Concern pinching his brow, Morty surrendered the cooler to Rick, dropping the square handle into his grip, which Rick immediately tugged back into the darkness with him. In a flash, he crouched over it and popped open the lid. He froze.

“Morty. What was it I told you to get?”

Morty shifted in place, not looking at the open cooler and what lay inside. “Five of them, j-just like you asked. I still don’t see what you need with—” 

“Five  _ live _ rats! Not dead ones!” Rick suddenly roared. **_"Live!"_** His shoulders hitched upwards, hands curled into claws as he hefted the container and chucked it in Morty’s direction. Its cumbersome design sent the cooler tumbling off target, and its contents spilled out in a dice roll of wet fur and naked tails. Morty yelped and raised his arm in defense even as a large white male rat smacked him in the chest before it splattered on top of his shoe.

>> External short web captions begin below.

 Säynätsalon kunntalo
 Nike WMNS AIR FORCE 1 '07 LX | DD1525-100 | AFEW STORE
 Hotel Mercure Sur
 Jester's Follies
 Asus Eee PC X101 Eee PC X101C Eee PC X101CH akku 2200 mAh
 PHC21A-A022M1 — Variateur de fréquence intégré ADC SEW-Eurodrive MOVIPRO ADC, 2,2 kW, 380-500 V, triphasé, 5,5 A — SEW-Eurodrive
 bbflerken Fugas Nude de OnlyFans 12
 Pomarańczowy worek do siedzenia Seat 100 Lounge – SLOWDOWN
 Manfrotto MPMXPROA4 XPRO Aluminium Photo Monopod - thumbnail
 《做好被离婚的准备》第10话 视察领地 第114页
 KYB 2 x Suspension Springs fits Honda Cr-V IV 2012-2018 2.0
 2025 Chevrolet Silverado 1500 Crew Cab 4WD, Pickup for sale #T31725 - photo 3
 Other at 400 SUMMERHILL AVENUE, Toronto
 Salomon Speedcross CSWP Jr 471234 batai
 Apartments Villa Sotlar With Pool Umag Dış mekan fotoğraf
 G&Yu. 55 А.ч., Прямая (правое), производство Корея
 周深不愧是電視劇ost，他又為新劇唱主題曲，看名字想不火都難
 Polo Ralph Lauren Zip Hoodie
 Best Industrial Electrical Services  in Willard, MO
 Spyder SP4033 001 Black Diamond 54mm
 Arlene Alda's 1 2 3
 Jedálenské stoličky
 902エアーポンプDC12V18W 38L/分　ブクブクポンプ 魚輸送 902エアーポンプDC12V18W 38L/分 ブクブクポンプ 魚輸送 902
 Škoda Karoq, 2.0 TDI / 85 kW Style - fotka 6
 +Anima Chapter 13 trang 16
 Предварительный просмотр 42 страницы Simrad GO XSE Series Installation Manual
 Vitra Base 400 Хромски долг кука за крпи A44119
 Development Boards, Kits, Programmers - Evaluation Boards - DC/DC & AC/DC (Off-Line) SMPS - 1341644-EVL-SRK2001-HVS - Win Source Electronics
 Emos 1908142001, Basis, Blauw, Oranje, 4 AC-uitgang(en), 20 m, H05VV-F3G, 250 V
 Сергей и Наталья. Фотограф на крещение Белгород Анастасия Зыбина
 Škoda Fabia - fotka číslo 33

“Jesus Christ, Rick!” He pressed his back against the ladder and shook his foot free of the carcass. “Th-that’s all they had! I swear!” 

“I ask you for  _ one _ thing, Morty! One thing!!” Rick had begun pacing, his cover secured in place with one hand while he gesticulated manically with the other. “D-d-do you even have a single brain cell in that fucking head of yours?” Even with his face still cast in shadow, Morty could hear the words seething out from around a scowl.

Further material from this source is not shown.